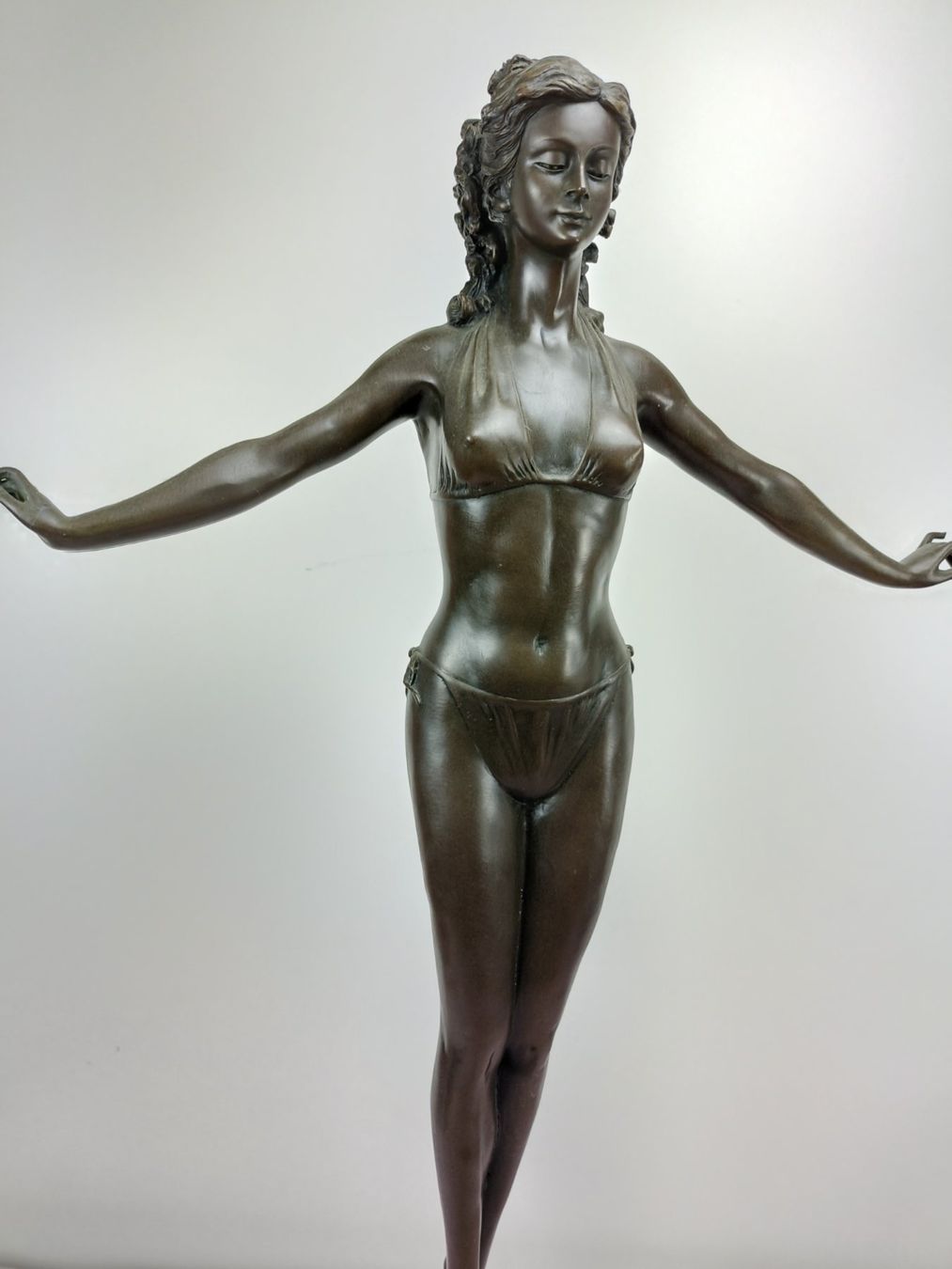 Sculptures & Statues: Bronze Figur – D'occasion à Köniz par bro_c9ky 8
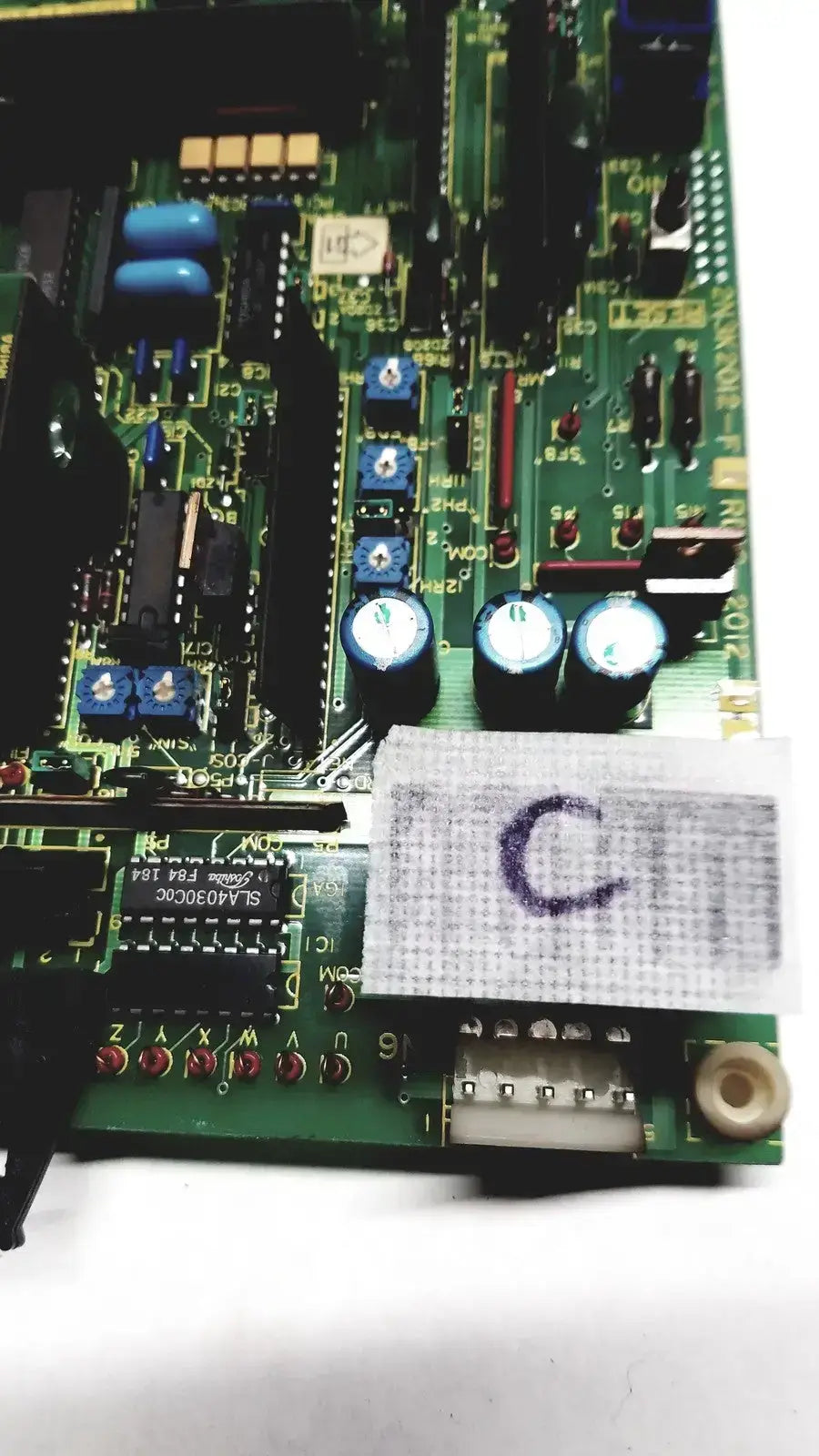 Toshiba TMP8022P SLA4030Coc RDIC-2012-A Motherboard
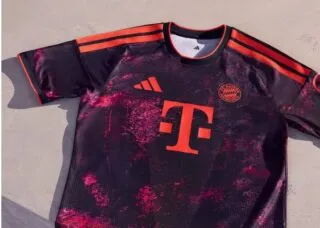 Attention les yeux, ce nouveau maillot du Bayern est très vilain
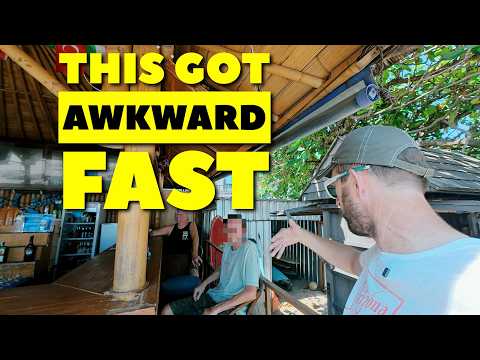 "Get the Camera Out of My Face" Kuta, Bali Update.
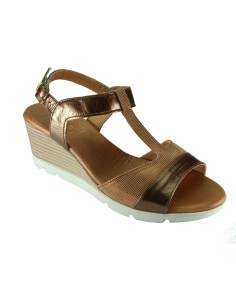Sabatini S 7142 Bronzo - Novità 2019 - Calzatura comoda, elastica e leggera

= = =

PROBLEM DESCRIPTION:
Pictures do not belong in the copy. Repeat exactly each line from the one with "Toshiba TMP8022P SLA4030Coc" through the end of the listing.

EXPECTED ANSWER:
 Toshiba TMP8022P SLA4030Coc RDIC-2012-A Motherboard
 Attention les yeux, ce nouveau maillot du Bayern est très vilain
 "Get the Camera Out of My Face" Kuta, Bali Update.
Sabatini S 7142 Bronzo - Novità 2019 - Calzatura comoda, elastica e leggera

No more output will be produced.